Steve Cohen’s SAC Capital Advisors hedge fund pleaded guilty to fraud charges Friday as part of a $1.2bn deal to resolve a long-running insider trading investigation.
At a court hearing in Manhattan, SAC general counsel Peter Nussbaum entered the guilty plea to four counts of securities and one count of wire fraud charges, a crucial step toward ratification of the fund’s record insider trading accord.
US district judge Laura Taylor Swain said she would wait to decide whether to accept SAC’s guilty plea until after a pre-sentencing report was filed.
Under the plea agreement SAC reached with prosecutors, the hedge fund has agreed to pay $900 million in penalties to resolve the criminal case unveiled against it in July.
A federal judge on Wednesday signed off on a separate $900m judgment in a civil forfeiture action filed at the same time against SAC.
Under the civil deal, the hedge fund will only have to pay $284m, after getting credit for $616 million in settlements in related insider trading cases by the Securities and Exchange Commission.
SAC has reserved its right to withdraw its plea if Swain does not impose the penalties negotiated with prosecutors.
Apparently, much of the firms’ successful returns were based on insider information, giving them an unfair advantage on the market. Two former employees were charged with insider trading in 2011 and since then, charges have been brought against many traders who worked for (or with) SAC Capital.
A 2013 article in Yahoo! Finance reported that SAC Capital Advisors had been under investigation by the Securities and Exchange Commission (SEC) for six years. In November 2010, the SEC conducted raids at the offices of investment companies run by former SAC traders. Several days later SAC received what they described as “extraordinarily broad” subpoenas . In February 2011, two former employees were charged with insider trading. In November 2012 federal prosecutors levied charges against additional former SAC Capital traders. Portfolio manager Michael Steinberg was arrested in March 2013 and accused of using inside information to make $1.4 million in profits for SAC Capital. In June 2013 nine former SAC employees were charged with conspiracy and securities fraud.

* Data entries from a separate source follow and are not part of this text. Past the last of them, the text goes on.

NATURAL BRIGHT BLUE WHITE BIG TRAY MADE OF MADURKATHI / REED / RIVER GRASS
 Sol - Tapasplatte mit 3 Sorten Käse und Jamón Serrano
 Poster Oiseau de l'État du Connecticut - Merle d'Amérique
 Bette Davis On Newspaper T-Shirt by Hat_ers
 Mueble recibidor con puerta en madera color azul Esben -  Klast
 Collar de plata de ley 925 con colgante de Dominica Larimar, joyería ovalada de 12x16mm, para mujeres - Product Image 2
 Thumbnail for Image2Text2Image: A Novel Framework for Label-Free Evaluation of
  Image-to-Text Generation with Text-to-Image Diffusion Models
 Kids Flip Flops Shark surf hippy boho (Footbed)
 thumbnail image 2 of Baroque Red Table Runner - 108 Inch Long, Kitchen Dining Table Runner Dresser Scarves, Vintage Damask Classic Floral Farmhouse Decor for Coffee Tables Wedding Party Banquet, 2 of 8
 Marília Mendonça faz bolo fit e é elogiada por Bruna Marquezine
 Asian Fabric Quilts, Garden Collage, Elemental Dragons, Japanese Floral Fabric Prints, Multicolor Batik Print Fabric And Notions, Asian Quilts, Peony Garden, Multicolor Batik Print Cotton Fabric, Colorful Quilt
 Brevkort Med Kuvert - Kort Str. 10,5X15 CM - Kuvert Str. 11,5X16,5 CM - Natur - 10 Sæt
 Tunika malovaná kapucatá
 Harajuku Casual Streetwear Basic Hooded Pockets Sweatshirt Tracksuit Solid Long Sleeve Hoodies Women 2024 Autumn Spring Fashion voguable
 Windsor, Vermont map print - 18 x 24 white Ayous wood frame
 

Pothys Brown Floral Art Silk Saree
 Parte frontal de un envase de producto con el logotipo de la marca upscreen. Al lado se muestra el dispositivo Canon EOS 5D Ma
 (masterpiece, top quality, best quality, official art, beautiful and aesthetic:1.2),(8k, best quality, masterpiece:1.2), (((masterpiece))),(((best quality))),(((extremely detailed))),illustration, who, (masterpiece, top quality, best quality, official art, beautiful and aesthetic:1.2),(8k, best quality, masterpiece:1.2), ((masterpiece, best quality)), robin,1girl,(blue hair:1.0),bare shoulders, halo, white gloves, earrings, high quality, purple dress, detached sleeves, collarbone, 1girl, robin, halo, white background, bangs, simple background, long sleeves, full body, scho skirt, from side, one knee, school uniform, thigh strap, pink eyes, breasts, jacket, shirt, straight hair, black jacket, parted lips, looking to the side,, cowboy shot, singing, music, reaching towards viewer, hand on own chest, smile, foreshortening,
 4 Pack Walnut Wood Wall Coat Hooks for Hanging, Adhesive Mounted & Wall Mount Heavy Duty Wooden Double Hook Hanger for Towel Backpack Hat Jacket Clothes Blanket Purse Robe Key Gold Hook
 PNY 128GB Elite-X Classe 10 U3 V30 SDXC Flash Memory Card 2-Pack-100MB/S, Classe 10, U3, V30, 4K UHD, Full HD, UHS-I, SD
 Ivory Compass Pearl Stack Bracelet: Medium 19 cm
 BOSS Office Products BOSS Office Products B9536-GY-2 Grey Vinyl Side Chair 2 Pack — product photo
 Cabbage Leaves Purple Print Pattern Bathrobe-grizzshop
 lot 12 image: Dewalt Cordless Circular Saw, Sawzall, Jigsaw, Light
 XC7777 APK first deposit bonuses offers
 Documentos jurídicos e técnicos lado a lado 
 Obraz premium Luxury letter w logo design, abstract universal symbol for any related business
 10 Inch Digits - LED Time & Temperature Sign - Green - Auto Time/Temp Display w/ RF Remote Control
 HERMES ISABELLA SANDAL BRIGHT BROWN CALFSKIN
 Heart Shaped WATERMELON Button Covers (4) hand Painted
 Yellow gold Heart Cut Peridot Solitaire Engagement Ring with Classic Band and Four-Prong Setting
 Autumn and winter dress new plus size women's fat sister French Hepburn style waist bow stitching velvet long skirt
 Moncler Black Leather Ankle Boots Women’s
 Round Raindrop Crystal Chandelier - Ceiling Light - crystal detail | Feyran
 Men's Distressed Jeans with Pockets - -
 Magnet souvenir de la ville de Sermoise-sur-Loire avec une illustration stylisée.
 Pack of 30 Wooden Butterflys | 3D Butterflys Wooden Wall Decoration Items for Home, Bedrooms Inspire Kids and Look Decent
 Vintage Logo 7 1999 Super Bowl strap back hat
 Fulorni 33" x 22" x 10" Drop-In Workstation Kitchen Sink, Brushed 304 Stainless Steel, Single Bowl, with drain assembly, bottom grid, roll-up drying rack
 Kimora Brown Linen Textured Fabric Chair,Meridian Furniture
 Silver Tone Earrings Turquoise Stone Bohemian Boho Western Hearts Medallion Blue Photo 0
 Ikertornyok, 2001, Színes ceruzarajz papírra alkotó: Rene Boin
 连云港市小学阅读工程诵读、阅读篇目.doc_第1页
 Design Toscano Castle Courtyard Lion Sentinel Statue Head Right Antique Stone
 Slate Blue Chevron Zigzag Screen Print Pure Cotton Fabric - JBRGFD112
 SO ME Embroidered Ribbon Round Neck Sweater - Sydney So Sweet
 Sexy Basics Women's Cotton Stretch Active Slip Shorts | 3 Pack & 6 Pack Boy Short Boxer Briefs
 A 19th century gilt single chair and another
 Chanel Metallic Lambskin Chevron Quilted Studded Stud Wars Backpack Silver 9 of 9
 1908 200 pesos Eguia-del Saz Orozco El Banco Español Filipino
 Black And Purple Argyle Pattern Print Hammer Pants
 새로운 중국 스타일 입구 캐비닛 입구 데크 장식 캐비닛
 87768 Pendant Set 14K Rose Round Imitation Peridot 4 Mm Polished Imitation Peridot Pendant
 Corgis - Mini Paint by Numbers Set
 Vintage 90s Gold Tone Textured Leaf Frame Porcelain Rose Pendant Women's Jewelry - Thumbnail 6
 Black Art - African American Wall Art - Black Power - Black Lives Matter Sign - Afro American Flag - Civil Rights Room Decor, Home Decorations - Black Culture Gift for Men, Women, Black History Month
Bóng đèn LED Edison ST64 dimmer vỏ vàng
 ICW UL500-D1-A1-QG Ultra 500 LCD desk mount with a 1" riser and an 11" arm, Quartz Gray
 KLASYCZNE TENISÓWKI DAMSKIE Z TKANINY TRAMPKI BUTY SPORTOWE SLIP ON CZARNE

In July 2013 the SEC filed a civil suit against SAC for failing to properly supervise its traders and the U.S. Department of Justice “filed a five count criminal indictment by a federal grand jury, including four counts of securities fraud and one count of wire fraud.” SAC reports that it will “vigorously fight” the accusations and charges. In November 2013, SAC Capital agreed to plead guilty to all counts of the indictment, stop managing funds for outsiders, and pay a $1.2 billion fine.